Impressive Quarterly Results Fail to Spark Rally
These executive transactions occurred following robust fourth-quarter performance. Snowflake delivered earnings per share of $0.32, surpassing the $0.27 analyst consensus by five cents. Revenue reached $1.28 billion, climbing 30.1% year-over-year while exceeding the $1.25 billion projection. Remaining performance obligations jumped 42% to $9.77 billion, strengthened by a $400 million agreement with a financial services customer.
Despite these results, shares continue declining. SNOW currently trades at $161.21, representing a steep retreat from its 52-week peak of $280.67, while trading substantially below both its 50-day moving average of $182.41 and 200-day average of $218.51.
Wall Street analysts have systematically lowered price objectives following the earnings announcement.
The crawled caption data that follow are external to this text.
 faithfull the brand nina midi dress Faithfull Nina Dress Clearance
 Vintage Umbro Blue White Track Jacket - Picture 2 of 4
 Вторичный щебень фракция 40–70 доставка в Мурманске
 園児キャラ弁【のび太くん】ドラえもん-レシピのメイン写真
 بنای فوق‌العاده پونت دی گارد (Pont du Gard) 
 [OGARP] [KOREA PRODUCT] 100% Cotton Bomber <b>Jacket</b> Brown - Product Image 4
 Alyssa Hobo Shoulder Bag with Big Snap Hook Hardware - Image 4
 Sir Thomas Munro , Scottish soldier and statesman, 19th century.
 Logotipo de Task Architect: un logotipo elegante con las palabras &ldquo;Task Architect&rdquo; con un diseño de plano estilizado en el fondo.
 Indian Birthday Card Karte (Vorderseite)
Wells Fargo reduced its target from $290 to $210. BTIG adjusted downward from $312 to $235. Scotiabank decreased its forecast from $290 to $205. Most firms retained favorable ratings despite these reductions. The average target among 42 analysts stands at $248.58, with 33 maintaining Buy ratings, five at Hold, and two at Sell.
Class-Action Lawsuits Intensify Challenges
Multiple law firms have initiated or publicized class-action litigation against Snowflake, targeting shareholders who purchased shares between June 27, 2023 and February 28, 2024. Lead-plaintiff appointment deadlines are scheduled near April 27, 2026. The quantity of filings — originating from Rosen, Pomerantz, Schall, and additional firms — has elevated legal ambiguity surrounding the equity.
Regarding institutional activity, Vanguard acquired 1.45 million shares during Q4, expanding its holdings beyond 30 million. Jennison Associates increased its stake by 27.7% to 11.6 million shares. Institutional shareholders collectively control 65.1% of SNOW.
Snowflake’s artificial intelligence effort, Project SnowWork, continues in limited preview phase, designed to deliver data-grounded AI agents for enterprise business applications.